Back to the poem again:

They carol, feast, and give thanks,
and dearly love their friends,
and hope for peace.

If I've learned anything over the past five years, it's that nothing is permanent. And nothing in life is guaranteed. That - and I know this is depressing, but you and I both know it's true - includes tomorrow. All I can guarantee having are these two things:

  • Love
  • The present moment

That's it. That's all I really own, you know? That's all we can really take ownership of. And even this moment, on these dark days, as I reflect on a very up-and-down year, that's all I have. And I'm not trying to be all Pollyanna here; I don't think happiness in every moment is something we should strive for, necessarily. But contentment? That's the goal. The people I know who have really cracked it are the ones who can find contentment in what they have, even if they're not quite where they want to be. The people who feel the shitty times but deeply appreciate and love the people surrounding them. The people who have a basic, underlying understanding that there is no such thing as permanence, and that they are lucky to have this day. Those people have got it made.

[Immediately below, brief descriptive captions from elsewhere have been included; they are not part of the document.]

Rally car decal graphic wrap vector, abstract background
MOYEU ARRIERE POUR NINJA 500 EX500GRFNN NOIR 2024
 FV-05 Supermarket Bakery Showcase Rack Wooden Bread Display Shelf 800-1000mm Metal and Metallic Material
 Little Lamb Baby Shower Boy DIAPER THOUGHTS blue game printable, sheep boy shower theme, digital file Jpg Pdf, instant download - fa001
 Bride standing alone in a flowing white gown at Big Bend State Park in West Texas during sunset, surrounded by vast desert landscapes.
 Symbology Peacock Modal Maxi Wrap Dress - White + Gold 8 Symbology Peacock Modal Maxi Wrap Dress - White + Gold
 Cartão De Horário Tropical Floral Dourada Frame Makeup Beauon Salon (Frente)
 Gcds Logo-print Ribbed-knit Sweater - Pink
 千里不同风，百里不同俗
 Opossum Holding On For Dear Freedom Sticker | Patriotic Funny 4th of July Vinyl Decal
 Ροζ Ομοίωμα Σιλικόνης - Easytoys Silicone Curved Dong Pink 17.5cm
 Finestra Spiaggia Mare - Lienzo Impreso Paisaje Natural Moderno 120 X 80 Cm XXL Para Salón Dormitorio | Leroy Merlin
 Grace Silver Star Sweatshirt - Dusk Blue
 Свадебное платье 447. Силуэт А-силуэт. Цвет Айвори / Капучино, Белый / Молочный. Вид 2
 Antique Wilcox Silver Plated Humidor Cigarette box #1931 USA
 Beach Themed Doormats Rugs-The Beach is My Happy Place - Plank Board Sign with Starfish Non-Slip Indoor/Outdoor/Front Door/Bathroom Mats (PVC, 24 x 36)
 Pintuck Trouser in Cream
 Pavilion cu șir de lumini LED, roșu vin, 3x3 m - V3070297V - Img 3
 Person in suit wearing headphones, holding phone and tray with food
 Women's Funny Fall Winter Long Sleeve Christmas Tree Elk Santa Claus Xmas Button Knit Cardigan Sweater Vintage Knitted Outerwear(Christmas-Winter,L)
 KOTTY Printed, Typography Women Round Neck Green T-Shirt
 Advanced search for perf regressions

Is this image relevant to my point here? No. Have I put it in because it's so gorgeous? Yep

It's twee, isn't it? But one of the things I plan to let go of next year is 'the fear of being sincere'. I sincerely mean this: life can be so, so crap sometimes. But it is also a gift. Two things can be true at once, and all that. Case in point: I'm sad because my nerve pain has kicked off and I've had to miss out on a Christmas celebration with my friends. And yet, on the flip side, I have friends who are patient and caring and who will enthusiastically agree to burn shit with me sometimes. You know? I have a husband who wordlessly takes over with the kids when he sees the pain on my face. No words required - he just knows what I need. In the actual moment, I'm feeling the pain more urgently, but I have the underlying knowledge that the good bit exists, and that's enough to keep me going.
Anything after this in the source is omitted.